Good morning, DMV! It’s Wednesday, March 11.
The Tulip Day event is happening Sunday on the National Mall. There will be 150,000 tulips. Visitors, who were asked to get free tickets online, will get to pick 10 tulips to celebrate spring, the organizers said in a news release.
I tried to get tickets but couldn’t. Nonetheless, I had questions: 150,000 tulips sounds like a lot, but my brain really can’t visualize what that means. So I reached out to organizers of the event to learn more.

(Royal Anthos)
The event started in Sweden, then blossomed in Amsterdam, said Anne Verdoes, a project manager at the Royal Anthos bulb-and-nursery trade association. In the United States, the event has been held in San Francisco and New York City, and this is their first time in D.C. The event is made possible by the Royal Anthos, Netherlands embassy and partners across the floral sector, with support from the European Union.
Anne said there will be tulips, with their bulbs still attached, in six colors: white, yellow, light pink, vibrant pink/purple, orange and red.
“To grow tulips from bulbs takes about four to six weeks in a greenhouse. But, if you count the time to grow the bulbs from which the tulips grow, you are looking at a year-harvest cycle. Bulbs are planted in October-November, harvested in summer, shipped to the US from August and then prepared and planted in the greenhouse in the US, where they grow into tulips,” she said.

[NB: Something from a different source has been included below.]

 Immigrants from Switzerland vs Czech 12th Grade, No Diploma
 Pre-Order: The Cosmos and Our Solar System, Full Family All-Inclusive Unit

Half the tulips will be shipped in from King George, Virginia, and the other half from Cream Ridge, New Jersey.
“If you would transport the tulips in long haul trailers, you would need six of them. Into the city we use the 27’ trucks (smaller for city traffic) and then it is 14 or 15 trucks.”
A reader I met with last night in Arlington at the Puzzled Pint event (which was a lot of fun — I recommend it!) said he, too, could not get tickets for Tulip Day. He suggested going to the Franciscan Monastery in the Brookland neighborhood of D.C. to see their tulips. I searched it up and learned that last November, landscapers planted 10,000 tulip bulbs, which they expect will bloom in early April.
📰 News around the DMV
Moon Rabbit’s Kevin Tien brings banh mi and pho to Tysons (Washingtonian)
📷 Your joy

(Joan Burns)
Joan Burns, 70, sent in this photo she took with a brief note: “This Monday afternoon I spotted a beautiful witch hazel tree near my apartment building in North Cleveland Park, DC. It was indeed a moment of joy. Spring is coming!”